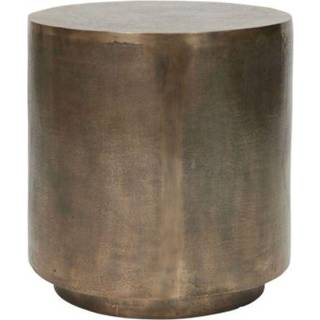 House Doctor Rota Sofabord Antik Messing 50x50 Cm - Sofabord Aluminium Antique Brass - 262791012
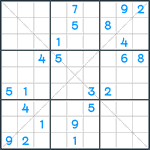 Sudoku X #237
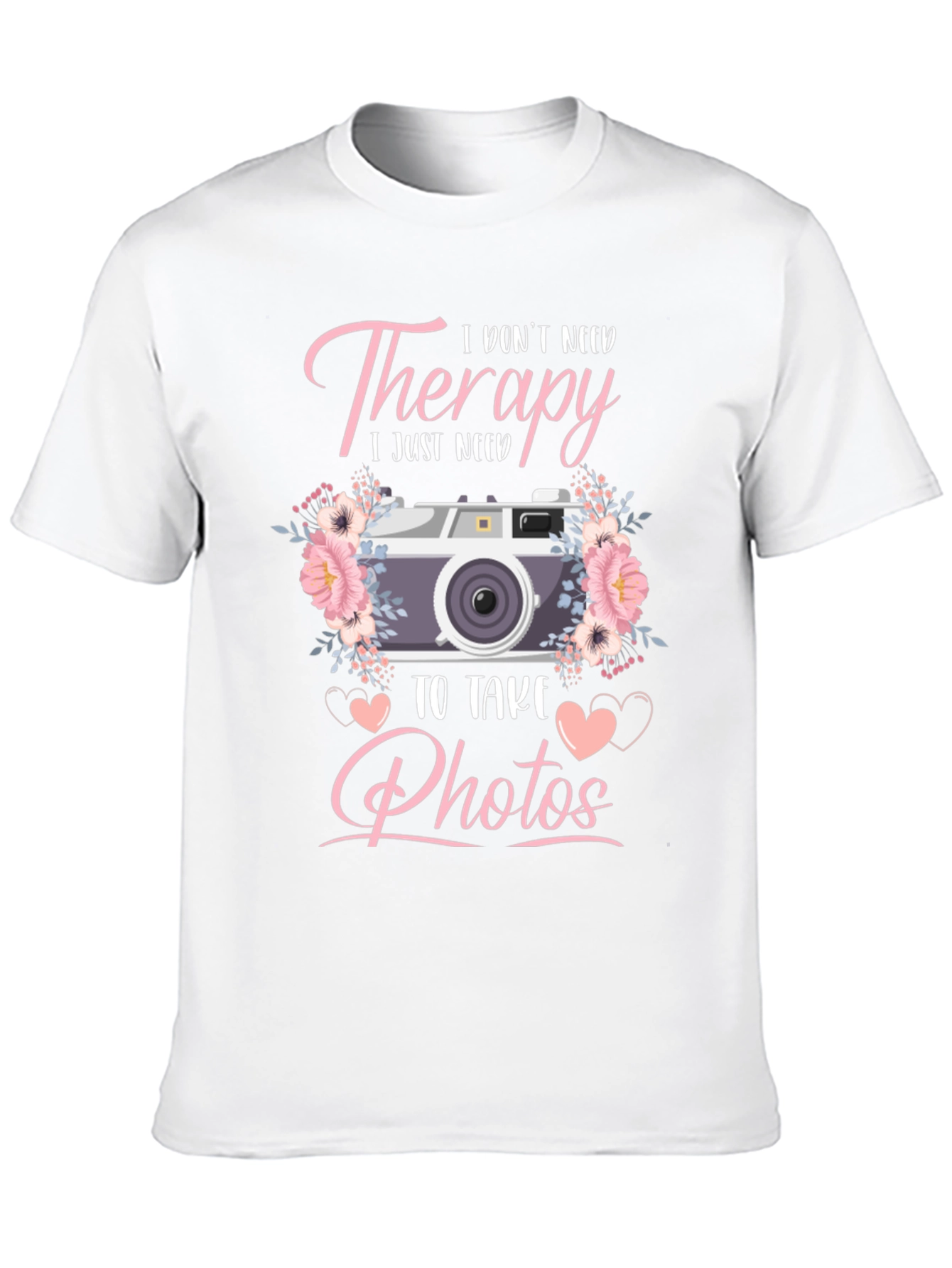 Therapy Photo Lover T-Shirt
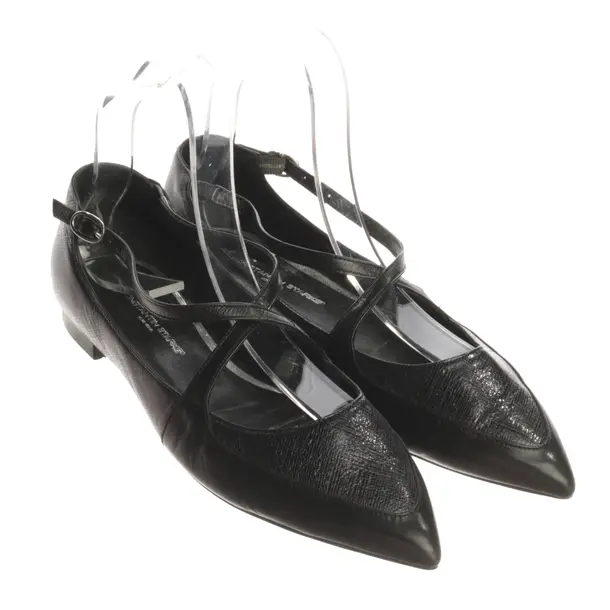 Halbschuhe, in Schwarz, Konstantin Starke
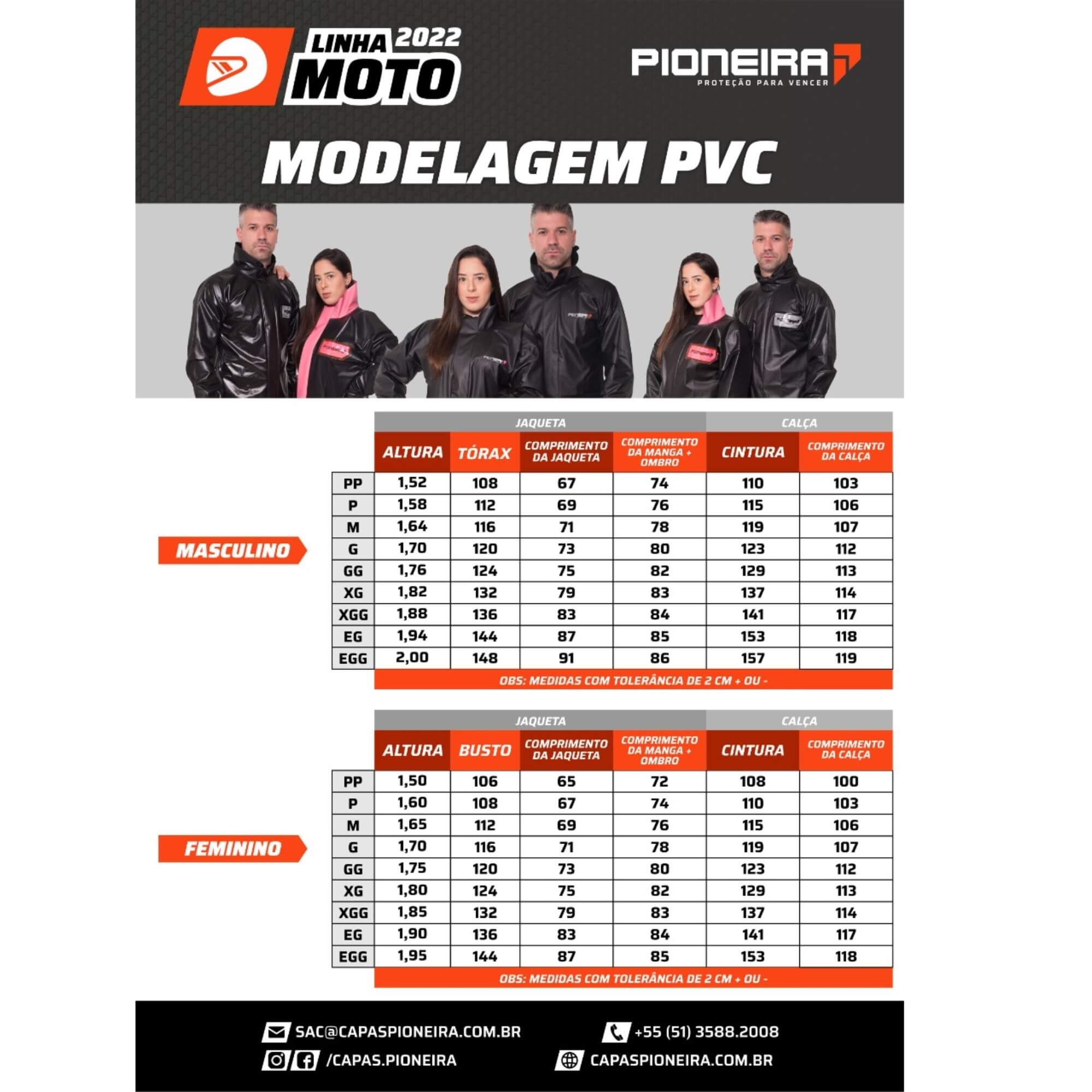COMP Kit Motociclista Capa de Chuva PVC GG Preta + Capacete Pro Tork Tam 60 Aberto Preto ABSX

- - - - -

» Task item: From the line with "Halbschuhe, in Schwarz, Konstantin Starke" through the last line of the entries above, transcribe everything exactly, both ends included, but not the pictures.

» Exercise response:
 Halbschuhe, in Schwarz, Konstantin Starke
COMP Kit Motociclista Capa de Chuva PVC GG Preta + Capacete Pro Tork Tam 60 Aberto Preto ABSX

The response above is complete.